Records for this exercise Start Marker
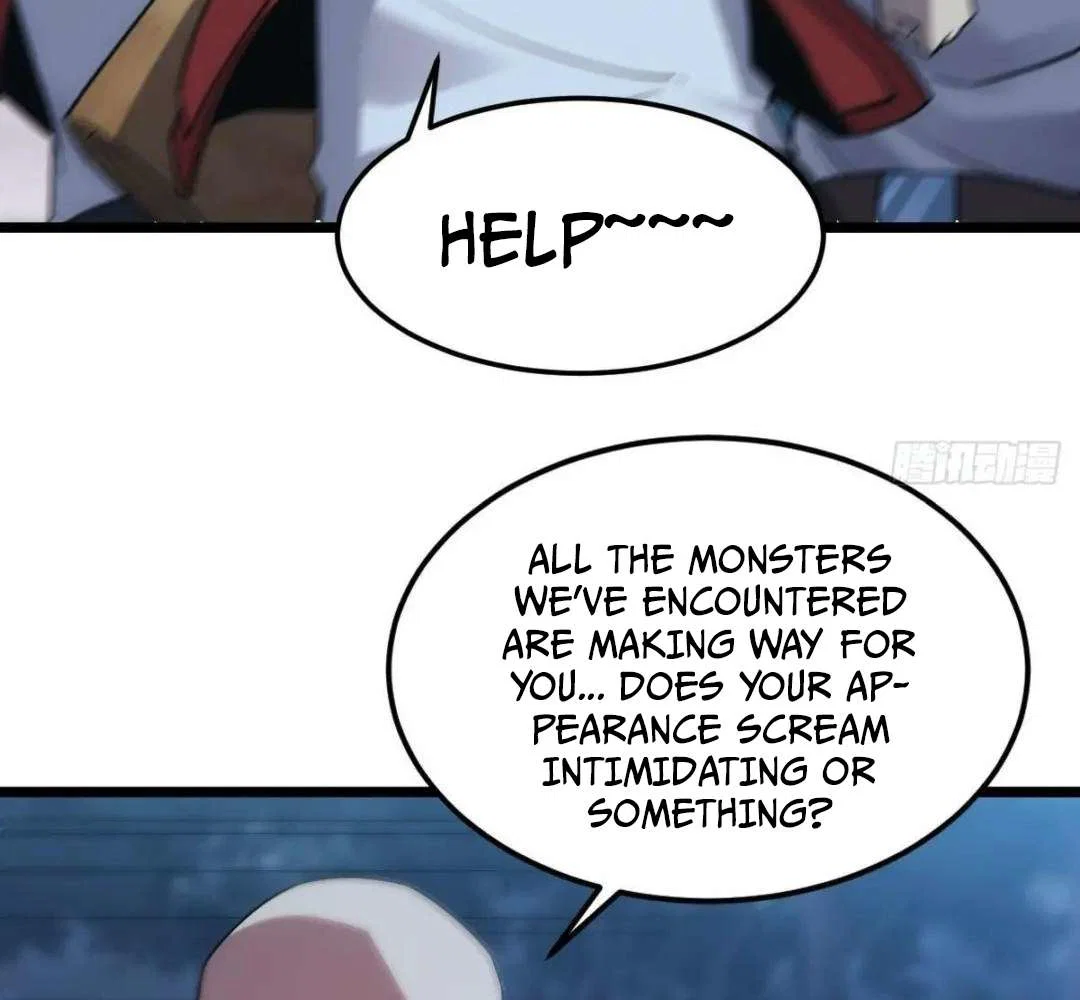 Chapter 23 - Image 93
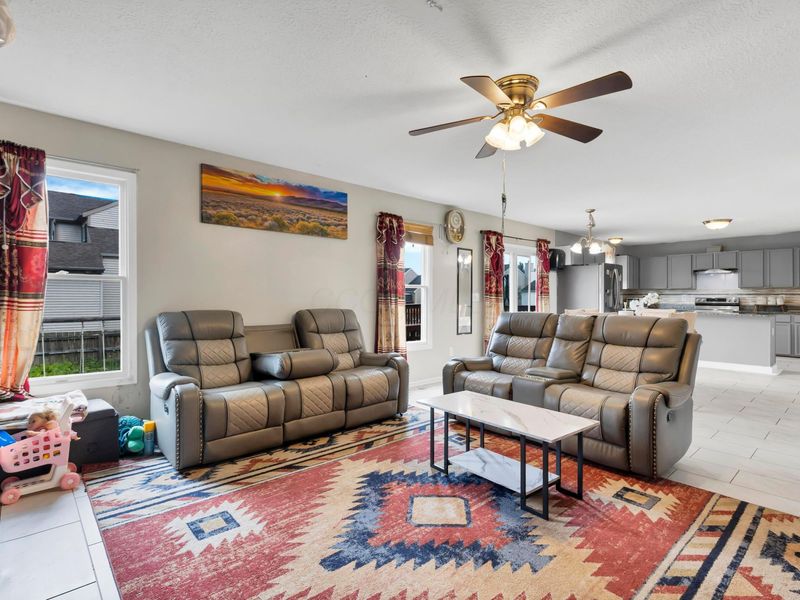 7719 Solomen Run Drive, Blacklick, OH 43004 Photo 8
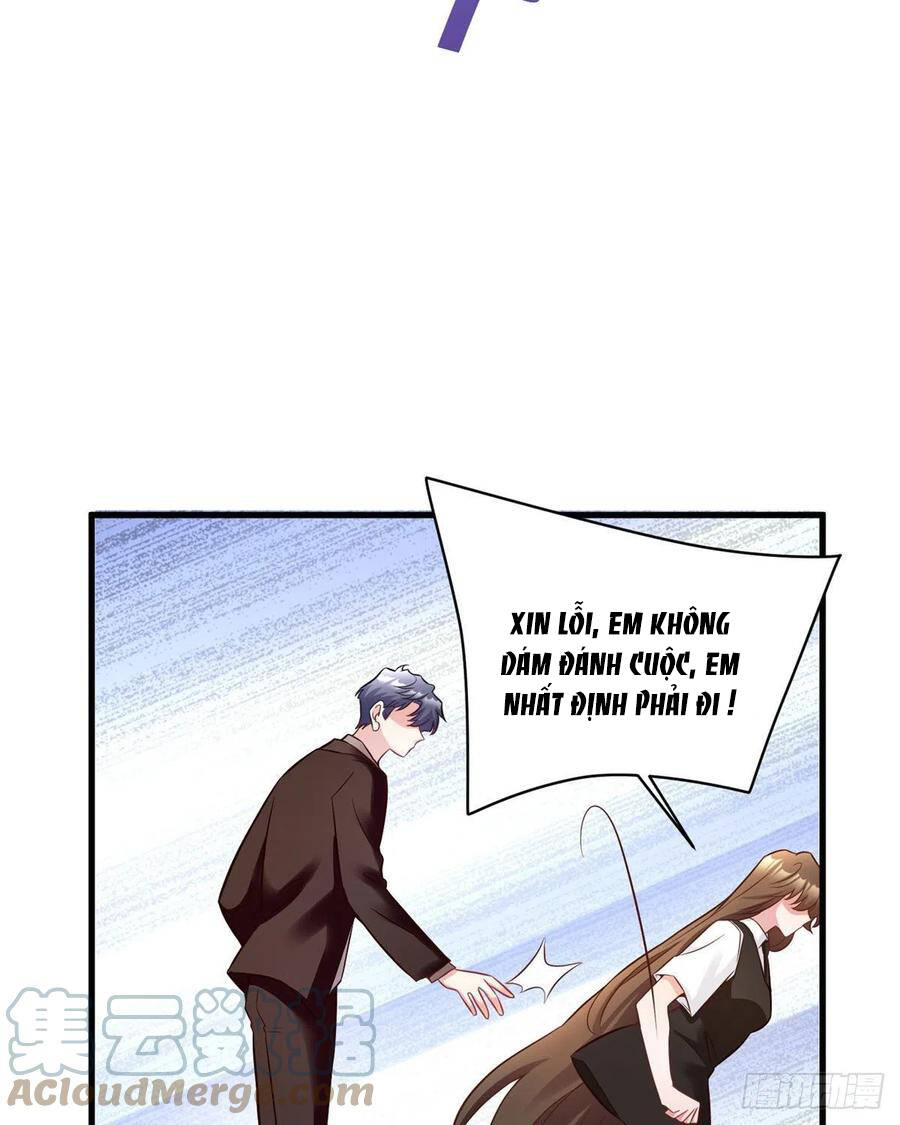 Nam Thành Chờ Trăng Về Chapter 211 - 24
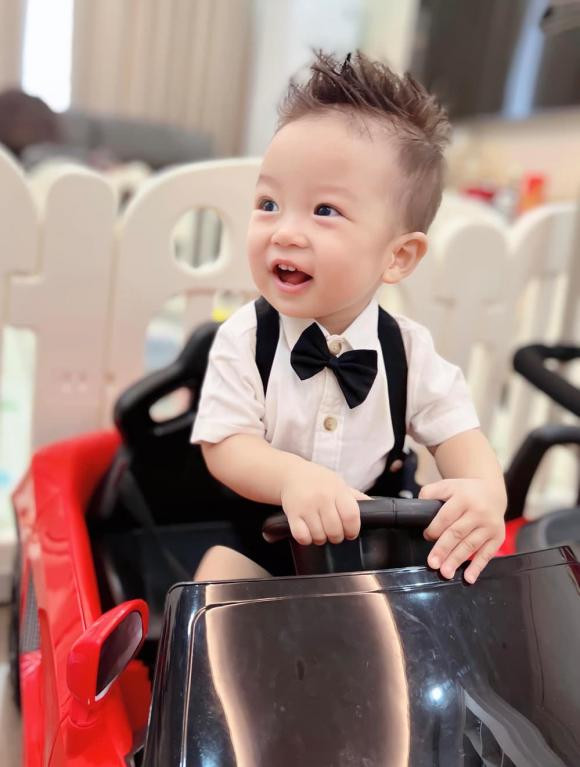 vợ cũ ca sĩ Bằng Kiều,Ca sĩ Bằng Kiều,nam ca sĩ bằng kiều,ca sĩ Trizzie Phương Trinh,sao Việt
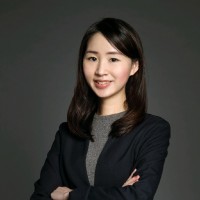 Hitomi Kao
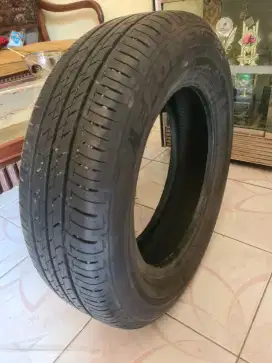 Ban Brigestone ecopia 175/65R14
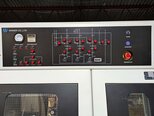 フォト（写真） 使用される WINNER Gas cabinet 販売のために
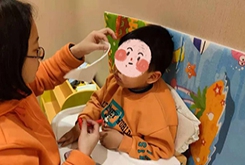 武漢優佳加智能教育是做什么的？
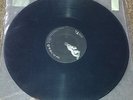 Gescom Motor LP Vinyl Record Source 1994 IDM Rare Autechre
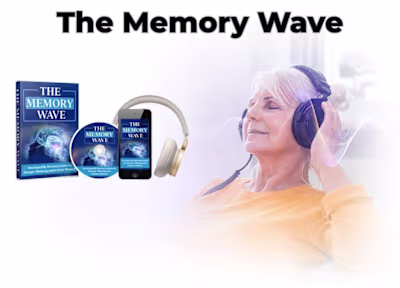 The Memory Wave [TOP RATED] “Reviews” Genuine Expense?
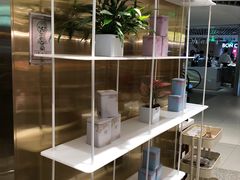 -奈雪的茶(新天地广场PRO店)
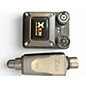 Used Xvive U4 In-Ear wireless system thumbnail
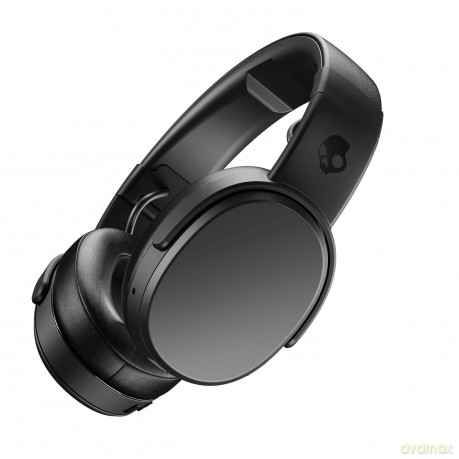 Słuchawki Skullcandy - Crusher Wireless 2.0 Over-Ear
Records for this exercise End Marker
• **Exercise brief**:
In the data above, find the line with "7719 Solomen Run" and repeat it and every line after it through the end, exactly; leave the pictures out.

• **Response to the task**:
 7719 Solomen Run Drive, Blacklick, OH 43004 Photo 8
 Nam Thành Chờ Trăng Về Chapter 211 - 24
 vợ cũ ca sĩ Bằng Kiều,Ca sĩ Bằng Kiều,nam ca sĩ bằng kiều,ca sĩ Trizzie Phương Trinh,sao Việt
 Hitomi Kao
 Ban Brigestone ecopia 175/65R14
 フォト（写真） 使用される WINNER Gas cabinet 販売のために
 武漢優佳加智能教育是做什么的？
 Gescom Motor LP Vinyl Record Source 1994 IDM Rare Autechre
 The Memory Wave [TOP RATED] “Reviews” Genuine Expense?
 -奈雪的茶(新天地广场PRO店)
 Used Xvive U4 In-Ear wireless system thumbnail
 Słuchawki Skullcandy - Crusher Wireless 2.0 Over-Ear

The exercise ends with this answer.